Jason W. Victor

How I Store Sensitive SSH Keys in Cubby

This article has been cross-posted from Cubby.

How I put sensitive SSH keys in Cubby

By Jason Victor July 25, 2023

One of the cool things about Cubby is you get total control of your encryption keys. In particular, you can create as many keys as you want and use them for different types of blobs/files to create segregation between resources of varying sensitivity.

How cryptographic keys work in Cubby

In order to specify an encryption key, you provide Cubby with a human-readable word or phrase called the “passphrase.” Cubby calculates an AES key from this passphrase using a specialized key derivation algorithm, which guarantees a bunch of favorable security properties for the keys. This way, instead of having to worry about copying key files around, you just have to remember the passphrase that generates a particular key.

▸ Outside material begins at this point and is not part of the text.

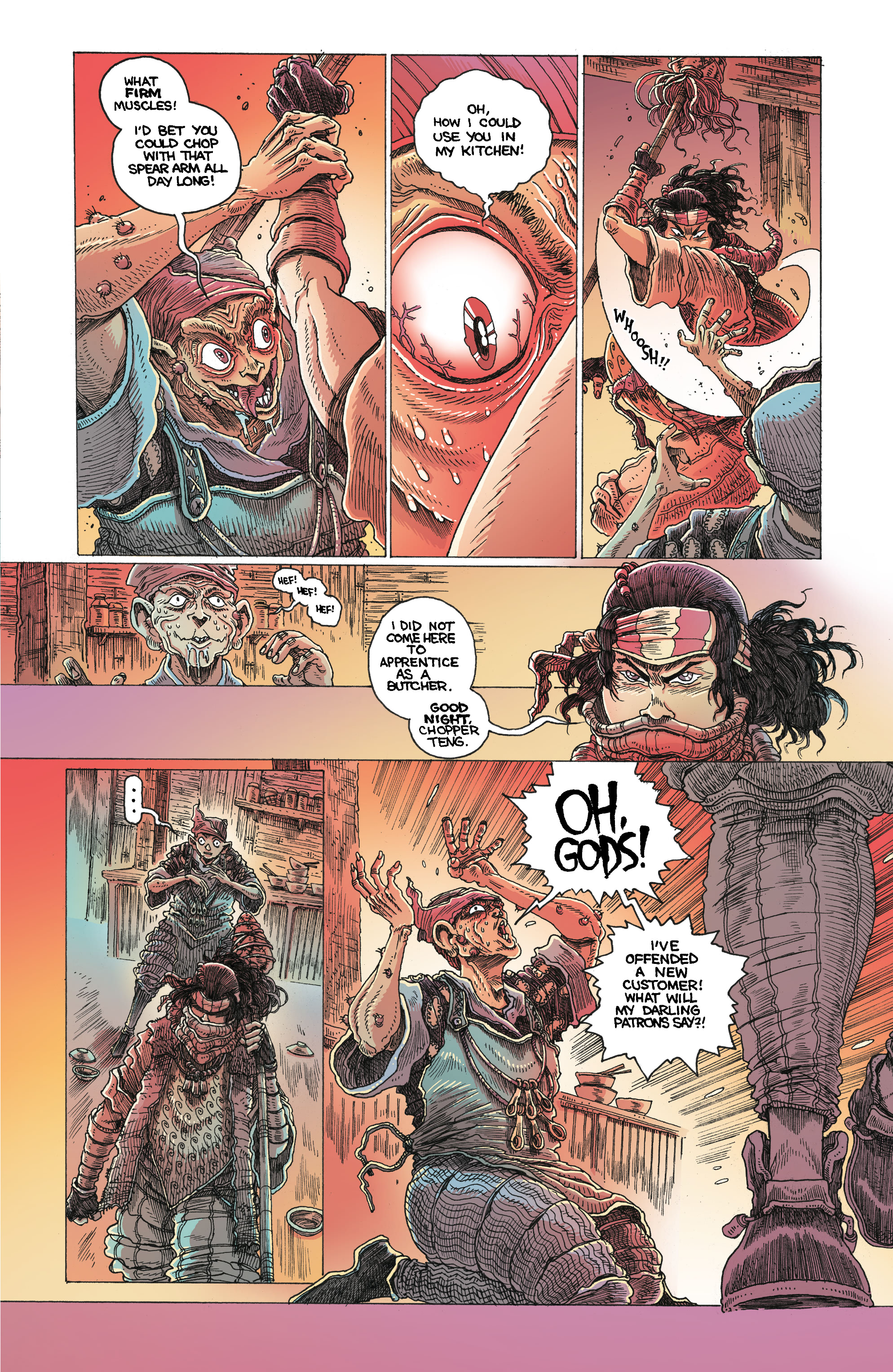 Read online Orphan and the Five Beasts comic -  Issue #3 - 17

Most of the time, this passphrase is provided by the symmetric-key config line set up in your ~/.cubby/cubby-client.yaml. But if you want to interact with a particular blob using a different key, you can pass a custom encryption passphrase with the -K flag. (Alternatively, you can set the CUB_CRYPTO_SYMMETRIC_KEY environment variable or the CryptoPass setting in the Neovim plugin, i.e. :CubbySet CryptoPass <passphrase>.)

I encrypt most of my blobs with the passphrase configured in cleartext in my cubby-client.yaml. After all, that’s totally secure as long as someone doesn’t get into my filesystem. However, for my most security-sensitive blobs, I use alternative encryption passphrases that are passed to Cubby explicitly when I create or use them. This way, the compromise of my filesystem (and cubby-client.yaml passphrase with it) still leaves my most important data safe from prying eyes.

One of those sensitive things is the SSH keys that can access my AWS servers. So, here’s a quick rundown on how I store those.

IMPORTANT: all of this assumes you do not leave your shell history on like a noob. Obviously, if your shell is recording everything you type, none of this will be secure, since a hacker that gets into your laptop can pull your passphrases from .bash_history. In Bash, you can do this with set +o history.

My setup

I made a blob called etc:ssh to store all my ssh keys, and then I attach them all to that one blob, but using a different key than usual.

To put a new key into the blob, you’d do something like:

cubby attach -K <passphrase> etc:ssh key.pem

Then, I can pull them down like:

cubby attachments etc:ssh -K <passphrase> -F <filename>

If you forget which keys are available, all you gotta do is:

cubby attachments etc:ssh

to list the attached filenames out.

And voila, key.pem is now attached with a custom passphrase to that blob. One other thing I like to do is put some reminders in etc:ssh – reminders of the usernames for different keys, and of course a reminder to chmod 600 the key after pulling it down. Anything I might need to remember when logging in using one of these keys.

Broadly, I prefer this setup to one child blob per key, simply because it’s less typing. No deep technical reason. I don’t need to edit these things so it wouldn’t be useful to have them in blob bodies anyway.

A plan for the paranoid

Now, when you start up a new container or cloud node or whatever, you can:

  1. Run the Cubby install script.
  2. Turn off bash history (or have it disabled by default).
  3. Pull down whichever keys you need.
  4. Delete them when you’re done.

This is a good way to go for the truly paranoid. If that box gets compromised, these keys don’t get swallowed along with it.